- [Task to carry out]: Restate every entry verbatim; drop the pictures.
*** Block opens ***
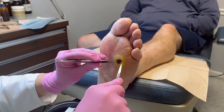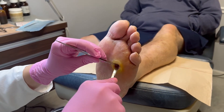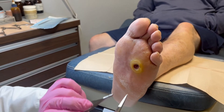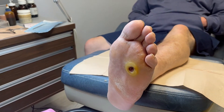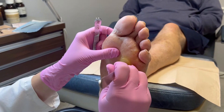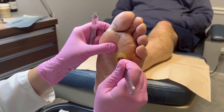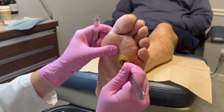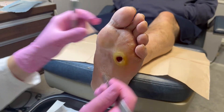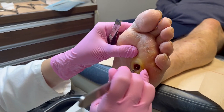Here we're debriding any tissue that's not really going to heal. You see this kind of discolored tissue — this more or less brown discoloration — this just comes right out. We'll get that base bleeding so it'll actually be able to adhere to the graft and encourage the patient's actual cells to go across the graft.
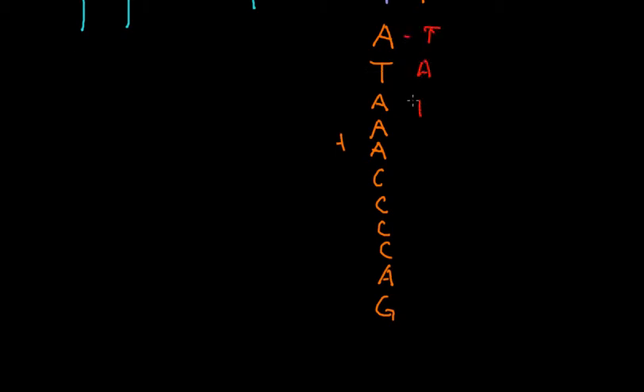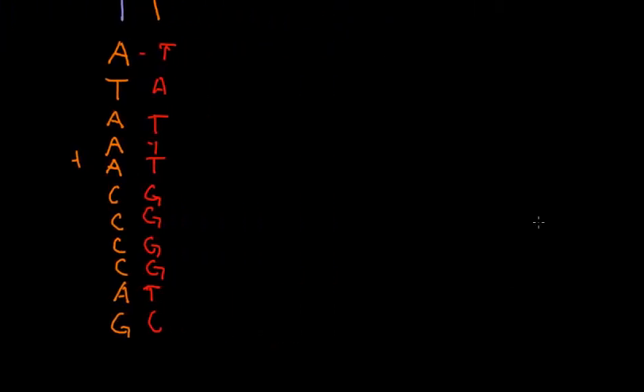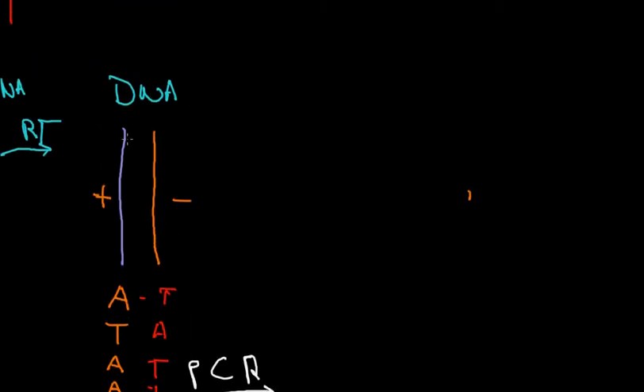So what you do in a FISH probe — this can be coupled with PCR if you need to. Depending on what kind of a test you're doing, a lot of times you'll start and actually use PCR, and that'll amplify it. So you know you only took one cell out of the patient's body, or a couple of cells from a cheek swab, and then you're going to PCR it so that you have a thousand, ten thousand, a million copies that you can work on, and it's much easier to light stuff up.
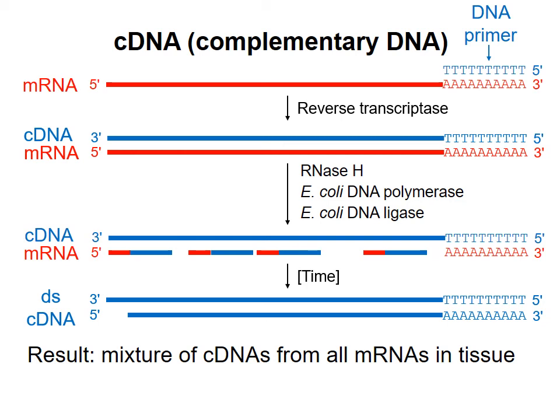We will end up with double-stranded cDNA representing all mRNAs in the starting tissue. Now we need a way to make many copies of only the mRNA that we're interested in, so we can isolate it from the other mRNAs in the mixture. For that, we will use polymerase chain reaction, which I'll describe in the next video.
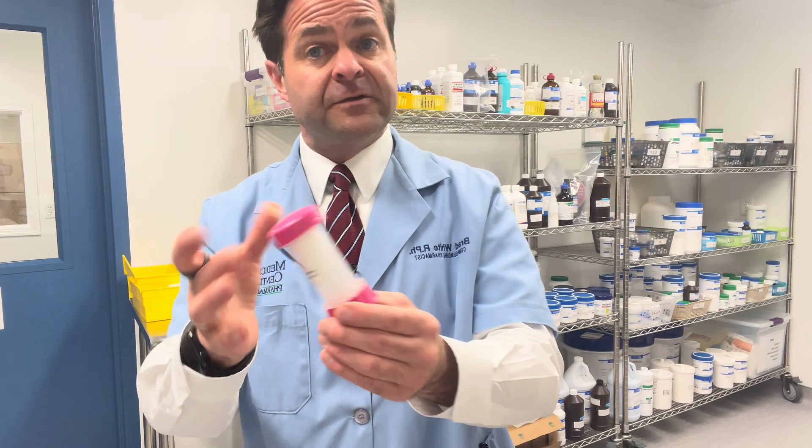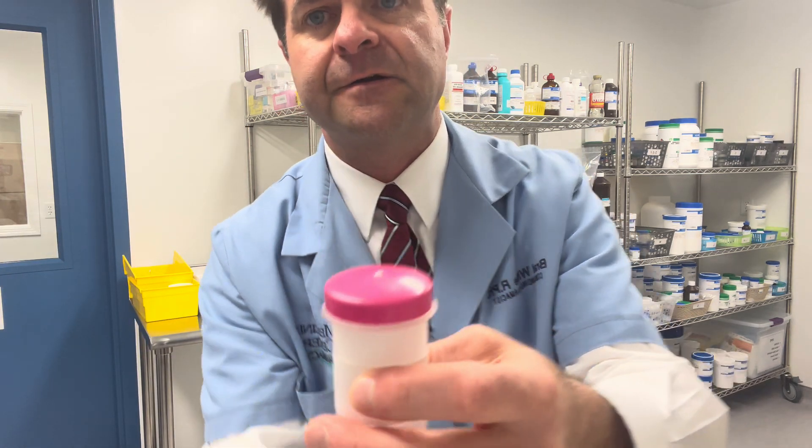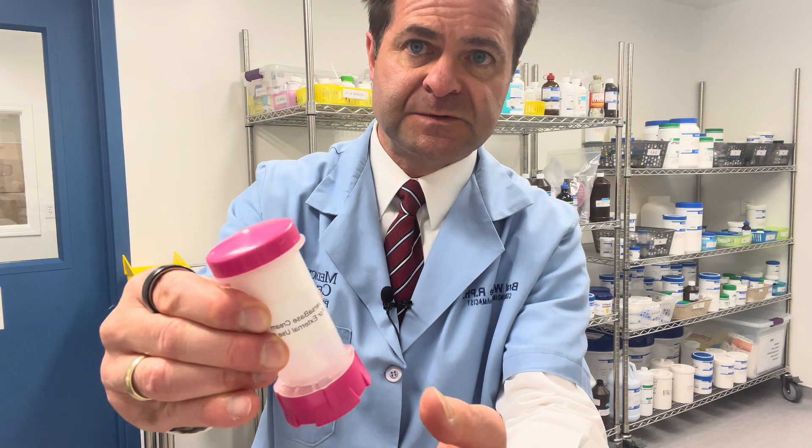So how do you use this device? You pop the tab off on the lid right here on the side, and it reveals the top of the container. This is where the medication comes out. You'll see the white cream here underneath. This device rotates on the bottom, and most patients use one to four clicks depending on their dose.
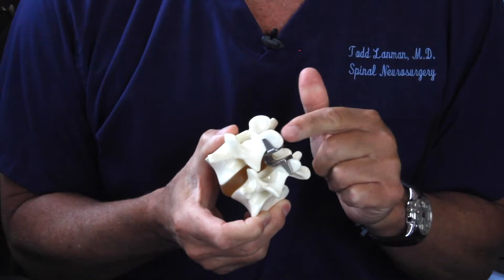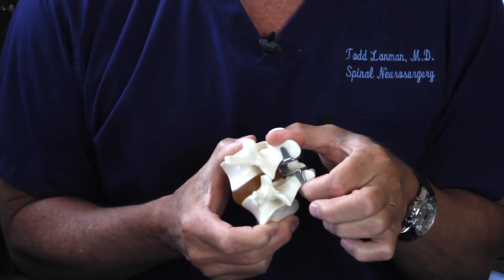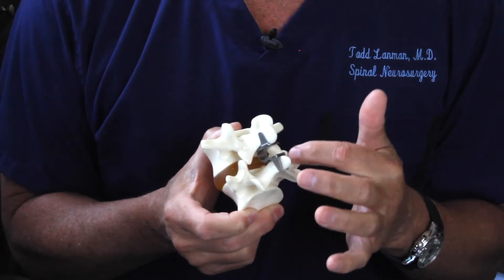Patients have been researching and asking: what is the COFLEX — C-O-F-L-E-X — what is that COFLEX interspinous device? I happen to have a model of it right here. This U-shaped device, it's metal, and it goes between the spinous process bones.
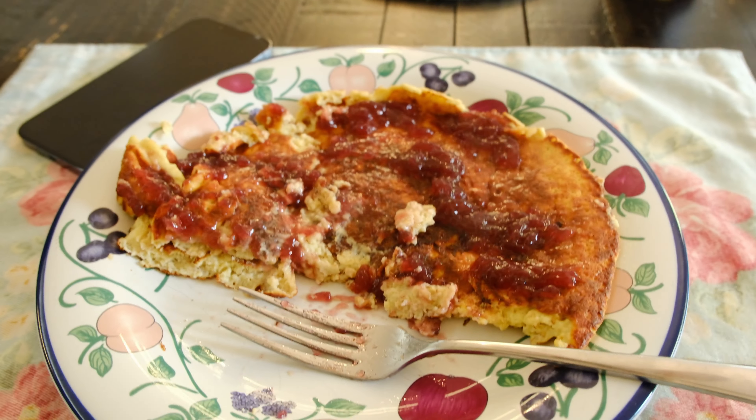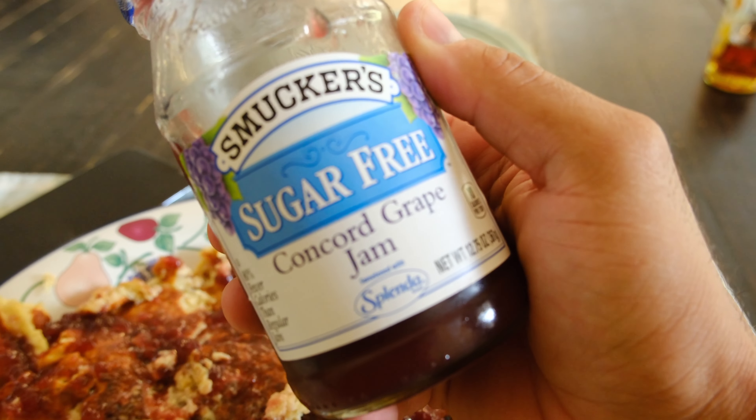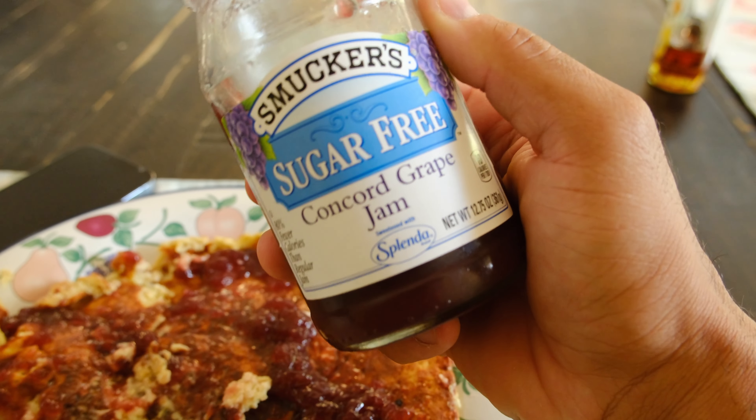Now I know this looks disgusting, but trust me, it's very delicious. Here's my protein pancake — I put sugar-free concord grape jam on it, and it's really good. It's very good, high protein, great for your post-workout meal. Okay everybody, that is it for today. It's a short, sweet one. We've got to do some yard work, so I'll see you in the next vlog. Don't forget to subscribe, hit that like button, and I'll see you guys later.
*** Block closes ***
- [Response to this task]:
Here we're debriding any tissue that's not really going to heal. You see this kind of discolored tissue — this more or less brown discoloration — this just comes right out. We'll get that base bleeding so it'll actually be able to adhere to the graft and encourage the patient's actual cells to go across the graft.
So what you do in a FISH probe — this can be coupled with PCR if you need to. Depending on what kind of a test you're doing, a lot of times you'll start and actually use PCR, and that'll amplify it. So you know you only took one cell out of the patient's body, or a couple of cells from a cheek swab, and then you're going to PCR it so that you have a thousand, ten thousand, a million copies that you can work on, and it's much easier to light stuff up.
We will end up with double-stranded cDNA representing all mRNAs in the starting tissue. Now we need a way to make many copies of only the mRNA that we're interested in, so we can isolate it from the other mRNAs in the mixture. For that, we will use polymerase chain reaction, which I'll describe in the next video.
So how do you use this device? You pop the tab off on the lid right here on the side, and it reveals the top of the container. This is where the medication comes out. You'll see the white cream here underneath. This device rotates on the bottom, and most patients use one to four clicks depending on their dose.
Patients have been researching and asking: what is the COFLEX — C-O-F-L-E-X — what is that COFLEX interspinous device? I happen to have a model of it right here. This U-shaped device, it's metal, and it goes between the spinous process bones.
Now I know this looks disgusting, but trust me, it's very delicious. Here's my protein pancake — I put sugar-free concord grape jam on it, and it's really good. It's very good, high protein, great for your post-workout meal. Okay everybody, that is it for today. It's a short, sweet one. We've got to do some yard work, so I'll see you in the next vlog. Don't forget to subscribe, hit that like button, and I'll see you guys later.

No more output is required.